長期にわたる虐待の結果、胸の半分に水が溜まり、意識はもうろうとし、精神状態も崩壊していった。
2003年10月には、所謂「厳管隊」に入れられ、重点的迫害の対象になった。警察は受刑者を唆して徐氏の頭部を殴打させ、四つの手錠で吊り上げたため、手錠が肉の中まで食い込み、血が流れて体中を染めた。その時受刑者は苦しんで叫ぶ徐氏の口の中にタオルを入れて塞いだ。ゴム棒で殴られた後、針のようなもので体を刺され、徐氏は意識を失い、危篤状態に陥った。大小便はそのまま衣服の中に流れ落ちた。
こうした拷問は、8年間途切れることなく続いた。
■ 徐氏を家族が迎えに行った時、家族が見たのは「別人のような姿」
2008年1月、家族は瀋陽東陵刑務所で徐氏と面会することができた。2年間会うことすら許されなかった末の再会だったが、そこにいたのは痩せ細り、面影を失った姿だった。家族はその姿を見て涙が止まらなかった。

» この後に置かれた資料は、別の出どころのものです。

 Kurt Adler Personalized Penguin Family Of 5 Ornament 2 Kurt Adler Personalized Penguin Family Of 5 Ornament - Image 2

そして2009年2月3日、不当な刑期を終えた徐氏を家族が迎えに行ったとき、彼はもはや別人のようだった。家族は目の前の徐氏の姿を見て、信じられない思いだった。全身傷だらけで、髪の毛が真っ白になり、痩せ細っていたばかりか、目線がじっと一カ所に留まり、家族を識別することもできなかった。手足はむくみ、電撃された跡があり、臀部の肌が壊死し紫黒色になっていた。

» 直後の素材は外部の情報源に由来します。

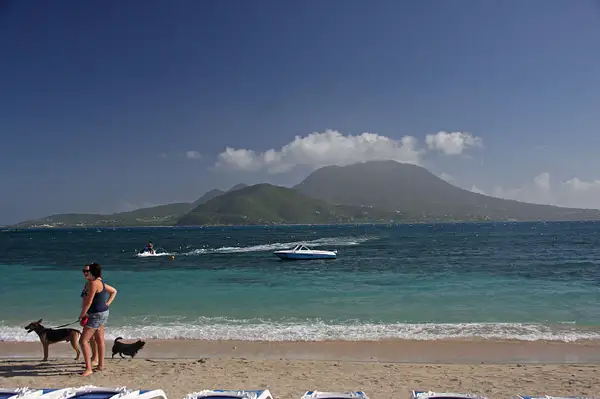 The island of Nevis from Cockleshell Bay on St Kitts by...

徐氏は自宅に戻っても、家の隅にしゃがんでいて動こうとしなかった。家族は「自分の家だよ。怖がる事はない」と一生懸命に話して座らせた。家族が熱心にリハビリをさせた結果、たまに意識が戻るが間もなくまた朦朧となってしまう。意識が戻った際、徐氏は「刑務所は精神を乱す不明な薬を注射した。暴力を振るった。足で蹴った」と話した。

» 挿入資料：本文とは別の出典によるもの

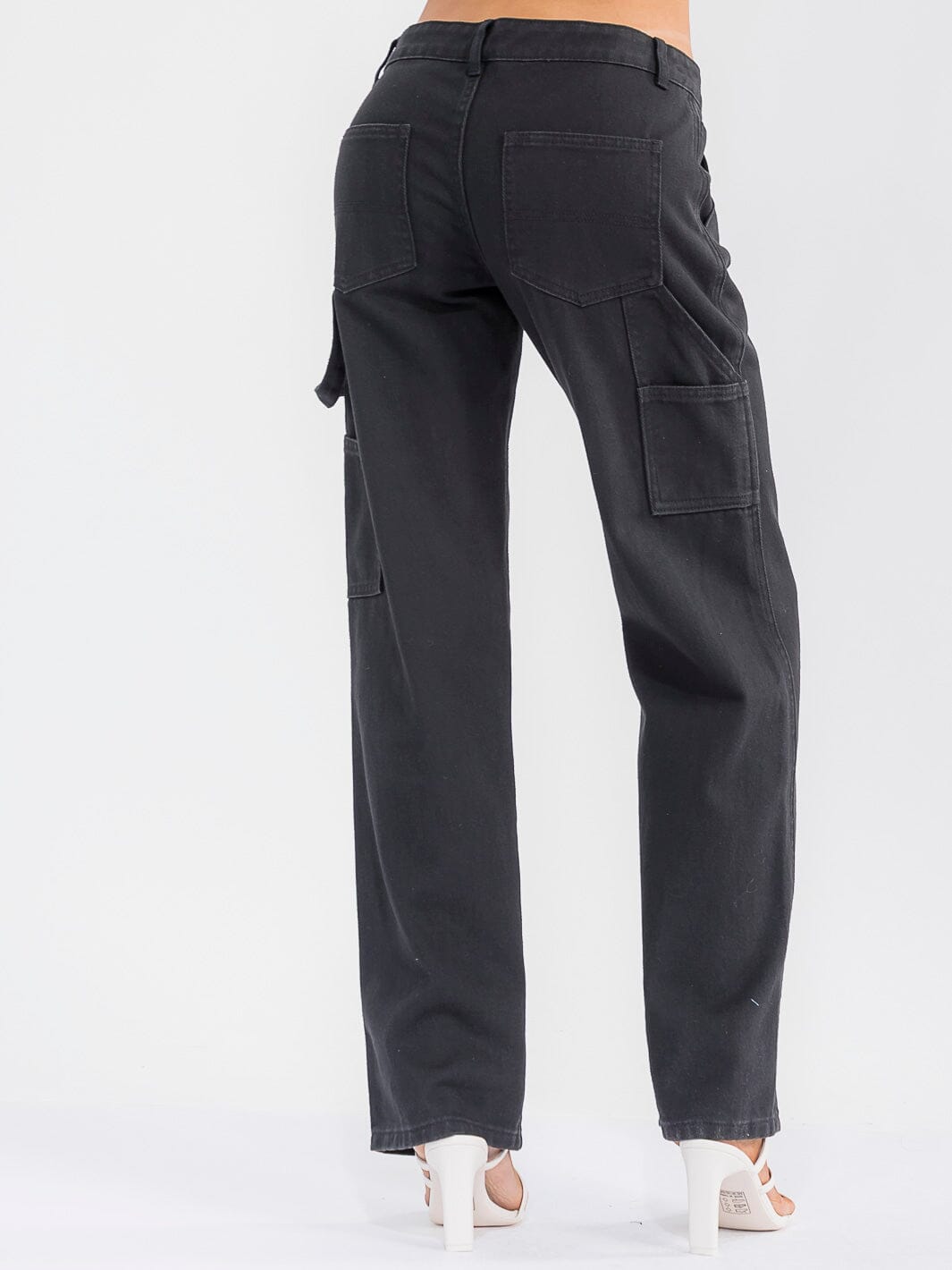 WOMEN'S BUTTON CLOSURE POCKETS DENIM WIDE LEG PANTS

家族は徐氏を病院に連れて行ったが、心臓が衰弱していてもう治療のしようがないと言われた。
家に戻ったわずか2週間後の2009年2月16日、徐大偉氏は34歳の若さで息を引き取った。
■ 娘と一度も抱き合えなかった父
徐氏の娘・徐鑫洋氏は当時8歳。
彼女が生まれたのは、父が拷問を受けていた最中だった。
二人が再会したのは、2008年と父の最期のわずかな時間だけ。
抱きしめることも、言葉を交わすこともできなかった。
徐氏の家族は、中国共産党と瀋陽東陵刑務所の残虐な行為に直面し、正義を求める場所もなく、涙も枯れ果てていた。
■ これは氷山の一角
徐さん一家が味わった悲劇は、決して特別な例ではない。
中国では今も、数え切れない家族が不安と絶望の中で新年を迎えている。
この26年にも及ぶ未曾有の迫害は、いまだ終わりは見えない。
今年こそ、中共による法輪功迫害をはじめ、すべてのジェノサイドが一刻も早く終わることを心から願っている。